Any impertinent nay-saying is peremptorily dismissed, even though no-one, it seems, can answer one simple question: given that SMRs have been around for 60 years (the first one being used to power USS Nautilus in 1955, since when hundreds have been deployed for naval use), why has it proved impossible to get a single one built to produce electricity for commercial use?

The answer, of course, lies in that word ‘commercial’. There are literally dozens of different SMR designs out there, with the USA, Russia, South Korea, China and now the UK bigging up the superiority of their particular whizz-bang design – but there are NO CLIENTS anywhere in the world.

The WNISR report has a particularly interesting section on the status of the SMR in all these different countries, with billions of dollars ploughed into one prototype or another, but very little to show for it at the end of the day. By all accounts, the first and only SMR for commercial electricity generation may be commissioned in China next year – but China is hardly a free market, it has to be said.

It’s always been about cost. And it’s still about cost. The SMR Consortium’s new report breathily promises us that the first SMR in the UK could be delivered for £75 per MWh – but there’s absolutely nothing to back up that figure, by the way. That figure would then reduce to £60 per MWh once they’d built a few of them. That’s certainly much cheaper than Hinkley Point (at £92.50 per MWh), but then everything under the sun is cheaper than Hinkley.

But it’s massively more expensive than offshore wind (already down to £57.50 per MWh, and still falling), let alone onshore wind (now down to €42.80 in Germany), let along solar, which realistic projections show will be down to around £10-£15 per MWh by 2030.

So who exactly is going to be in the market for SMRs in 2025 (and you can guarantee that this delivery date will be delayed many times over, as all the usual hassles of doing a FOAK (First Of A Kind) kick in), when the best offer price for an SMR will be FIVE TIMES as expensive as offshore wind?

All of which makes it perfectly clear that none of this is about cost-effectively producing low-carbon electricity for the UK – there are so many better ways of doing that. It’s really all about keeping the nuclear industry alive, as all our current reactors come offstream over the next 20 years. And that’s where the military connection comes into it.

After all the ground-breaking work by Andy Stirling and Philip Johnstone, at Sussex University, highlighting the opaque interdependencies between the civil and military use of nuclear technology, things are starting to be looked at in a very different way in terms of this policy nexus. And politicians are starting to realise that decisions taken ostensibly to provide nuclear electricity might in fact be at least as much if not more about subsidising aspects of our nuclear weapons programme, particularly when it comes to the Trident renewal project.

In that context, here’s a direct quote from no less an authority than Lord Hutton, Chair of the Nuclear Industries Association:

“A UK SMR programme would support all ten ‘pillars’ of the Government’s Industrial Strategy, and assist in sustaining the skills required for the Royal Navy’s submarine programme.”
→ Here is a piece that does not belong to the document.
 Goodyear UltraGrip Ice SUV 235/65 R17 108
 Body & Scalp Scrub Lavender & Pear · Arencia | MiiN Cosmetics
Bold as brass, as you can see! And we can expect to hear a lot more from Lord Hutton in future, as he’s just been appointed as Chair of Energy UK, a body that is notionally supposed to represent all energy interests, not just nuclear. Hutton has always been the go-to advocate for all things nuclear, and is a particularly keen evangelist for the SMR.

And so it goes on, with billions of pounds at stake and critical decisions about the future of energy supply in the UK still being stitched up behind closed doors. All the current excitement about the SMR is just the latest desperate attempt to keep the idea of nuclear power alive here in the UK – but, to be honest, I’m not too worried. Just as I don’t believe we’ll ever see Hinkley Point finished and generating electricity, nor do I believe that a new generation of SMRs will ever materialise, ensuring that the insane dream of the UK as ‘a vibrant nuclear nation’ will remain just that – an insane dream.